RIYADH (Realist English). The massive economic deals being discussed between the United States and Gulf countries — potentially worth up to $3 trillion — should not be seen as political leverage on the Palestinian issue, a columnist for Al Arabiya English argues.

Writing ahead of President Donald Trump’s upcoming visit to Saudi Arabia, the author emphasized that the proposed agreements are centered on civil, military, and investment cooperation — not political concessions. “If a two-state solution could be bought for a trillion dollars, it would’ve happened already. We’ve already paid that price,” the columnist wrote, criticizing what he sees as misguided efforts to politicize economic cooperation.

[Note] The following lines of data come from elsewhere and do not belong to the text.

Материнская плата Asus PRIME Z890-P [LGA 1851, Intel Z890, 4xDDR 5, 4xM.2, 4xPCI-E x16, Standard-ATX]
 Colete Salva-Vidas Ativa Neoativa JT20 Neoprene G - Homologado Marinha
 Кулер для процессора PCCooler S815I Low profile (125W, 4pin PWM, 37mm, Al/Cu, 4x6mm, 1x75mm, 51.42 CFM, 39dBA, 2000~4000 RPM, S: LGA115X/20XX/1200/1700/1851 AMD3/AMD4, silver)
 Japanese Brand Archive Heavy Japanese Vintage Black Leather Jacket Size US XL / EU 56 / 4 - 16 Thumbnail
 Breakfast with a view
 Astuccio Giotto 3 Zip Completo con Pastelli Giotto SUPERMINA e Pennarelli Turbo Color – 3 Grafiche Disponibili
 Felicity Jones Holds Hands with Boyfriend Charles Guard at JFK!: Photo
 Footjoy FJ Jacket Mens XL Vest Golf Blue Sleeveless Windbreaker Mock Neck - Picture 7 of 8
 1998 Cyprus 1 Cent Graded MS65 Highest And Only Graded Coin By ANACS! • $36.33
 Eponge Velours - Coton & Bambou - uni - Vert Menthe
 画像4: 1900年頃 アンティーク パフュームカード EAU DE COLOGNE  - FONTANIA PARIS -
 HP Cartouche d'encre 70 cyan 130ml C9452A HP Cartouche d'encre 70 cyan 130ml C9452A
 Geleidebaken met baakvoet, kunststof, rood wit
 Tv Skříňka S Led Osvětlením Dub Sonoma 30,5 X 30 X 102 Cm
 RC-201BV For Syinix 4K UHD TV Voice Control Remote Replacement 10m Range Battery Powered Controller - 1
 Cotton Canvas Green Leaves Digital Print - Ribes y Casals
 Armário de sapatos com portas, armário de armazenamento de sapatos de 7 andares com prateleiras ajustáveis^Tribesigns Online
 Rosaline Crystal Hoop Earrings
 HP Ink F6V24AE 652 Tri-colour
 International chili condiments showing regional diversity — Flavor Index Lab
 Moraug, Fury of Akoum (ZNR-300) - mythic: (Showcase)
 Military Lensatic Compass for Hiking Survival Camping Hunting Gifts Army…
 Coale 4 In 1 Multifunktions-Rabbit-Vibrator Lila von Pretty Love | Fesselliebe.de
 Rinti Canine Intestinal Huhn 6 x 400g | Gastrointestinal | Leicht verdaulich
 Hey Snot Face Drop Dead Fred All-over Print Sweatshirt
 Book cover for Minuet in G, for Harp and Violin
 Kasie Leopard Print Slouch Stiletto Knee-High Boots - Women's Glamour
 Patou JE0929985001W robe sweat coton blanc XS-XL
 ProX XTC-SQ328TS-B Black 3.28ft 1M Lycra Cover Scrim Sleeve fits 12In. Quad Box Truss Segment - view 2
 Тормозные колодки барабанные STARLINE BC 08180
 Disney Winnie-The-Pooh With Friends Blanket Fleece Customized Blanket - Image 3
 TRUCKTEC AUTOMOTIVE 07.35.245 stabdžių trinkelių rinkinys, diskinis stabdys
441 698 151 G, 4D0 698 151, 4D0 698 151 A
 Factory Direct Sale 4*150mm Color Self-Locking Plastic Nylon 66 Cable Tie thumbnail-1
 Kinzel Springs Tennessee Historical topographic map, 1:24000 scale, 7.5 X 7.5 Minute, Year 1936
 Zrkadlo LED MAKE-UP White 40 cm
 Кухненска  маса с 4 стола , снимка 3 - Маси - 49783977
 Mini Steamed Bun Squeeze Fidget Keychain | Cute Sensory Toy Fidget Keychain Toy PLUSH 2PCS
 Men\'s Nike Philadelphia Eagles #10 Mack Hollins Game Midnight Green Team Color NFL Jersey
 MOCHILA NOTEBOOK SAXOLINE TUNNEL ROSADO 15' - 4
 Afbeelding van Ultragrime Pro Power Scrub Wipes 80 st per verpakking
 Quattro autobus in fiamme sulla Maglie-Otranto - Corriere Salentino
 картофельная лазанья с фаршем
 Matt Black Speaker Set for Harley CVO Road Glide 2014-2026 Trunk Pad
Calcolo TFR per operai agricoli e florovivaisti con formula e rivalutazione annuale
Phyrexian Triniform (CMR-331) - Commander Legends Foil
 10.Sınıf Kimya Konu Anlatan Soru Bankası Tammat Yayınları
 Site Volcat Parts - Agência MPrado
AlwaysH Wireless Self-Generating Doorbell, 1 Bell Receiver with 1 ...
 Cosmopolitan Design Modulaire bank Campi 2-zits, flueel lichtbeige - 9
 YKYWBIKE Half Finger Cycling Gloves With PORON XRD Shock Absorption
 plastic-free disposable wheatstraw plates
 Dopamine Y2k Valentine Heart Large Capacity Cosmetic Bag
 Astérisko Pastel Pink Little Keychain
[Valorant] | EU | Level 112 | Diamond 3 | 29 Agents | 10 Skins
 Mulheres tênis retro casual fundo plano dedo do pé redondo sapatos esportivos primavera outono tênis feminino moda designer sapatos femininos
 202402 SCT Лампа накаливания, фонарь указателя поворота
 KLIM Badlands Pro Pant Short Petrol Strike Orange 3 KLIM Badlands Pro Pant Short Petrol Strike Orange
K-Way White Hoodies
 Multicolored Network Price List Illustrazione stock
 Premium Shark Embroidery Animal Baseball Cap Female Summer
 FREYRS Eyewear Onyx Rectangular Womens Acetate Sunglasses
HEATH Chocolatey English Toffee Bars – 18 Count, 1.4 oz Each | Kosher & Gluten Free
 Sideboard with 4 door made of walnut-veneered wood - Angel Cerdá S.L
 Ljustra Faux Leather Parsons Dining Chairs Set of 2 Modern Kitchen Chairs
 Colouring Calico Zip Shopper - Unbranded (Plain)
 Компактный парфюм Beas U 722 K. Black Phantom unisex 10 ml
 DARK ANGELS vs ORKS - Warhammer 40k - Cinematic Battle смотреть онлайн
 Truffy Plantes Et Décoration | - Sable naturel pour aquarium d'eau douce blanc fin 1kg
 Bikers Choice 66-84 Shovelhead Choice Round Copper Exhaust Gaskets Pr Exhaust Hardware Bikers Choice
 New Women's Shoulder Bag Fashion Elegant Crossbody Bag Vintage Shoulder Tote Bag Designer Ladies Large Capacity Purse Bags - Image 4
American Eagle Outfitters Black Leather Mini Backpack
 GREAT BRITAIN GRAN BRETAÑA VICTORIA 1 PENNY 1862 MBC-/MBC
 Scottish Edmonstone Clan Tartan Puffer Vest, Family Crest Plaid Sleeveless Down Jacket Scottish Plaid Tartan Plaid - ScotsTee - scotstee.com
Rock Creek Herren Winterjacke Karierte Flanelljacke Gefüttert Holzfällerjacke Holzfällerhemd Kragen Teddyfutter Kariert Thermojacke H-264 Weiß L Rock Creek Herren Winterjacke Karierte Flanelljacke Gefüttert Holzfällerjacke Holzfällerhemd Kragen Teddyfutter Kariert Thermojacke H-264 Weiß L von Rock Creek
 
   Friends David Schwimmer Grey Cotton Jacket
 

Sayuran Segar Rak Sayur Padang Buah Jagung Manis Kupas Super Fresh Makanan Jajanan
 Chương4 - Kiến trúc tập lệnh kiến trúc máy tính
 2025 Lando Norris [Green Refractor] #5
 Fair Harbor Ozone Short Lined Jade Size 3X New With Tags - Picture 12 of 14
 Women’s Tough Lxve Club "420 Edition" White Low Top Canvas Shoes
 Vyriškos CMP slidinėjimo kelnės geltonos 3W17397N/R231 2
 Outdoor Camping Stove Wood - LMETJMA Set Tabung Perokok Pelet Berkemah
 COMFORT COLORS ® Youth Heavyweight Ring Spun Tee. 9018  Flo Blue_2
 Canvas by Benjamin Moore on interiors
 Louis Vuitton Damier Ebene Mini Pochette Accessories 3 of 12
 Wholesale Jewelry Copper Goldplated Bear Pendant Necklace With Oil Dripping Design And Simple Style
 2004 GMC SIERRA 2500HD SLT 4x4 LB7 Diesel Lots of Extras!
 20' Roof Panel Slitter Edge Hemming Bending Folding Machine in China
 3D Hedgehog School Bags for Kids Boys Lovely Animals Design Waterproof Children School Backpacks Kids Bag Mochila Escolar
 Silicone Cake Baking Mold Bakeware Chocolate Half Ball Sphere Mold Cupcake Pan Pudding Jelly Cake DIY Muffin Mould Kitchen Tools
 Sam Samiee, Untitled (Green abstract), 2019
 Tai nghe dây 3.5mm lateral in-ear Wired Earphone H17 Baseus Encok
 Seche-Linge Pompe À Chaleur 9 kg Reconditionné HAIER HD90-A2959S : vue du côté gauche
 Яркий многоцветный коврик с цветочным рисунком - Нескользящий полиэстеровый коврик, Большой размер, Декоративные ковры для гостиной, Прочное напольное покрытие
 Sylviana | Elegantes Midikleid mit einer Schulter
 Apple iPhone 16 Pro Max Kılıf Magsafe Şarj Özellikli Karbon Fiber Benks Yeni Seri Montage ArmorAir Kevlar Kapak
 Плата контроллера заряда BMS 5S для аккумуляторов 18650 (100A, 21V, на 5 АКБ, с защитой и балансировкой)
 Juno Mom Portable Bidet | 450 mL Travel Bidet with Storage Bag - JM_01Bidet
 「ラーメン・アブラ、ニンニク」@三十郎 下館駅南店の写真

He pointed out that over recent decades, Gulf nations have already spent astronomical sums on the Palestinian cause — from direct funding of Fatah and Hamas to the broader cost of regional wars and destruction in Lebanon and Syria. “These costs dwarf any amount Trump might gain from his upcoming deals,” the article noted.

The piece insists that Gulf priorities lie elsewhere: in infrastructure, energy, and economic transformation. “This is not aid. This is not a political bargain. The funds will support nuclear energy, LNG, military manufacturing, and investments in the U.S.,” the columnist stated.

Turning to Iran, the author denounced Tehran’s decades-long regional interventions, saying they have yielded no gains for the Palestinian cause. “Forty years of war and proxy networks, and Iran hasn’t freed an inch of Palestine. Everything they built is in ruins. Everything they invested is gone. The cost? Over a trillion — wasted,” he concluded.

The article also argued that Trump’s approach is far from unique: “He’s loud and direct, yes. But this is what all major powers do — China, the EU, Japan. The only difference is style, not substance.”

The commentary underscores a growing divide between symbolic gestures and strategic economic interests in the region. While Palestine remains a core emotional issue, the Gulf’s realpolitik now centers on national development and global partnerships. Washington, for its part, is playing into this shift — not reshaping it.